(Collection entries)

+===+

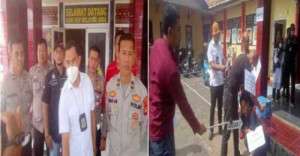 Polsek IB I Gelar 15 Adegan Pembunuhan, Kanit Reskrim: Pelaku Utama Segera Diterbitkan DPO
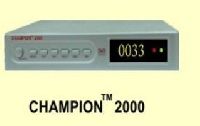 Champion 2000 Set Top Box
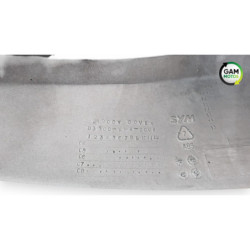 Coque arrière droite SYM GTS 125 EVO 2009 à 2011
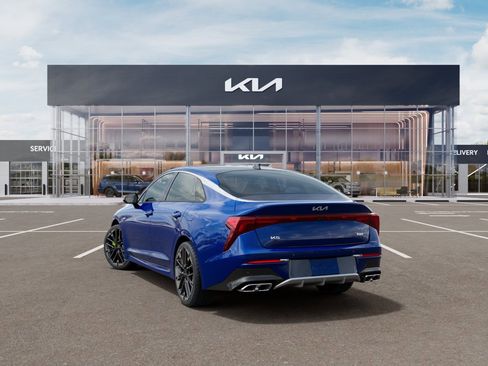 New 2026 Kia K5 GT FWD image 4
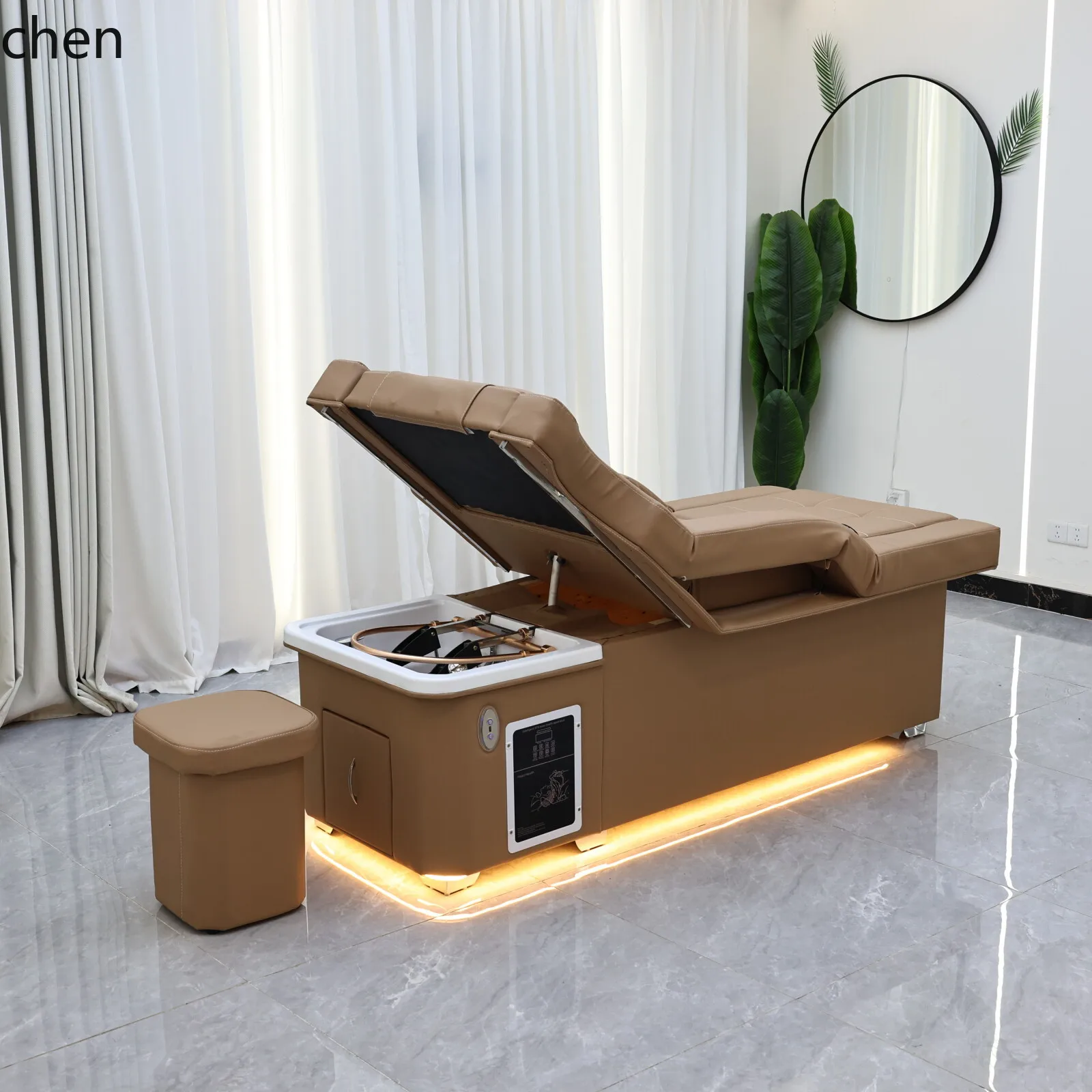 b7- Rückenstützende Kopftherap – Spa Wellness Salon Bewertung und Preis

+===+

=== Task to carry out ===
Output all of the data exactly. Skip the pictures.

=== The answer ===
 Polsek IB I Gelar 15 Adegan Pembunuhan, Kanit Reskrim: Pelaku Utama Segera Diterbitkan DPO
 Champion 2000 Set Top Box
 Coque arrière droite SYM GTS 125 EVO 2009 à 2011
 New 2026 Kia K5 GT FWD image 4
 b7- Rückenstützende Kopftherap – Spa Wellness Salon Bewertung und Preis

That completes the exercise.